Streamlit Example: Data Dashboard
import streamlit as st
import pandas as pd
st.title('Sales Dashboard')
data = pd.DataFrame({
'Month': ['Jan', 'Feb', 'Mar', 'Apr'],
'Sales': [100, 150, 120, 200],
})
month_filter = st.selectbox('Select Month', data['Month'])
filtered = data[data['Month'] == month_filter]
st.bar_chart(data.set_index('Month'))
st.write(f'Sales for {month_filter}: ${int(filtered["Sales"].iloc[0])}')
NiceGUI Example: Interactive Form
from nicegui import ui
def handle_submit():
ui.notify(f'Hello {name.value}! You are {age.value} years old.')

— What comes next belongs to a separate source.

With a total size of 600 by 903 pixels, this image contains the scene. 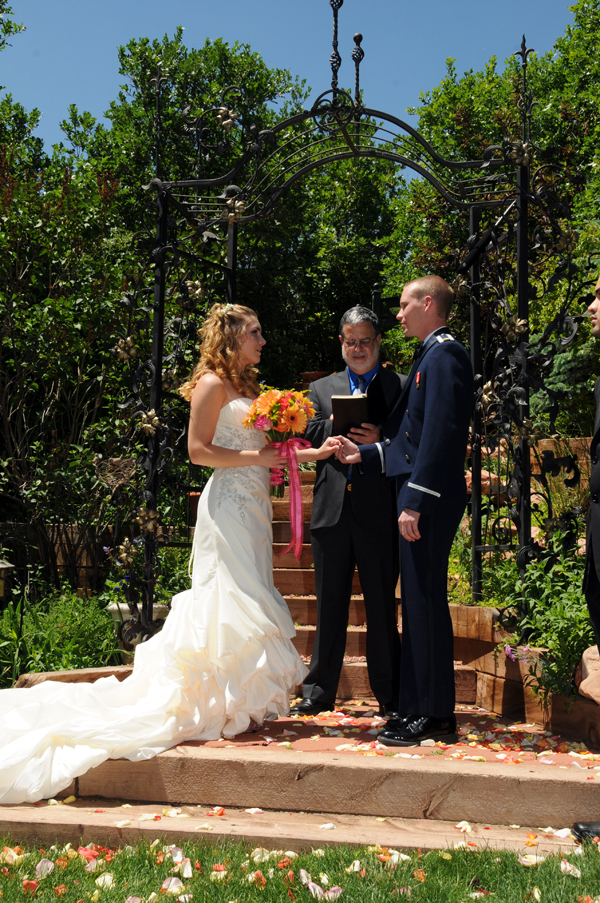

ui.label('User Information Form')
with ui.row():
name = ui.input('Name', placeholder='Enter your name')
age = ui.number('Age', value=25, min=0, max=120)
ui.button('Submit', on_click=handle_submit)
ui.run()
Key Differences in the Code:
- Streamlit: Linear, script-like flow - perfect for data workflows
- NiceGUI: Component-based with explicit event handling - better for interactive apps
NiceGUI Advantages
Real-Time Interactions
- Event/callback-driven UI updates
- Good fit for monitoring, controls, and “app-like” UIs
FastAPI Integration
- You can take advantage of FastAPI concepts (routing, dependencies, middleware) as your app grows
- Useful when you need APIs alongside the UI, or want more control over auth and request handling
Note: “built-in authentication and user management” isn’t automatic in FastAPI itself. You typically implement auth using FastAPI patterns and libraries, then integrate it with your app.
Advanced Customization
- More layout and component control than Streamlit
- Can integrate with web concepts when needed (styling and custom behavior)
Development Experience
- Good local dev workflow and straightforward self-hosting
- Works well in containers when you need repeatable deployment
Flexibility
- Natural fit for event-driven apps
- Can integrate with existing Python services and libraries
Streamlit Advantages
Data Apps First
- Excellent defaults for pandas DataFrames, charts, and common analytics workflows
- Great for ML demos and internal dashboards
Ultra-Simple Development Model
- Very low “web framework” overhead: write Python top-to-bottom
- Easy to iterate quickly and share prototypes with teammates
Deployment Options
- Streamlit Community Cloud is convenient for quick publishing
- Also deployable to your own infrastructure (VPS, containers, etc.)
Data-Focused Widgets
- Strong widget set for filters, inputs, and interactive exploration
- Built-in caching and session state patterns help keep apps responsive
Strong Ecosystem
- Large community, lots of examples and integrations
Making Your Choice: Decision Guide
Choose Streamlit if:
- ✅ You’re building data dashboards or ML demos
- ✅ You want rapid prototyping with minimal code
- ✅ You’re new to web development
- ✅ You need built-in data visualization
- ✅ You want easy deployment and sharing
Choose NiceGUI if:
- ✅ You need real-time interactions without page reloads
- ✅ You’re building general-purpose web apps
- ✅ You want desktop-like UI in the browser
- ✅ You need advanced backend features
- ✅ You want full customization control
Quick Start Resources
Streamlit:
NiceGUI:
Final Verdict
Both frameworks excel in their domains. Streamlit dominates data science applications with its simplicity and built-in data tools. NiceGUI shines for interactive web applications that need desktop-like functionality.
The best choice depends on your project requirements, not on which framework is “better” overall. Start with the one that matches your immediate needs - you can always explore the other later as your projects evolve.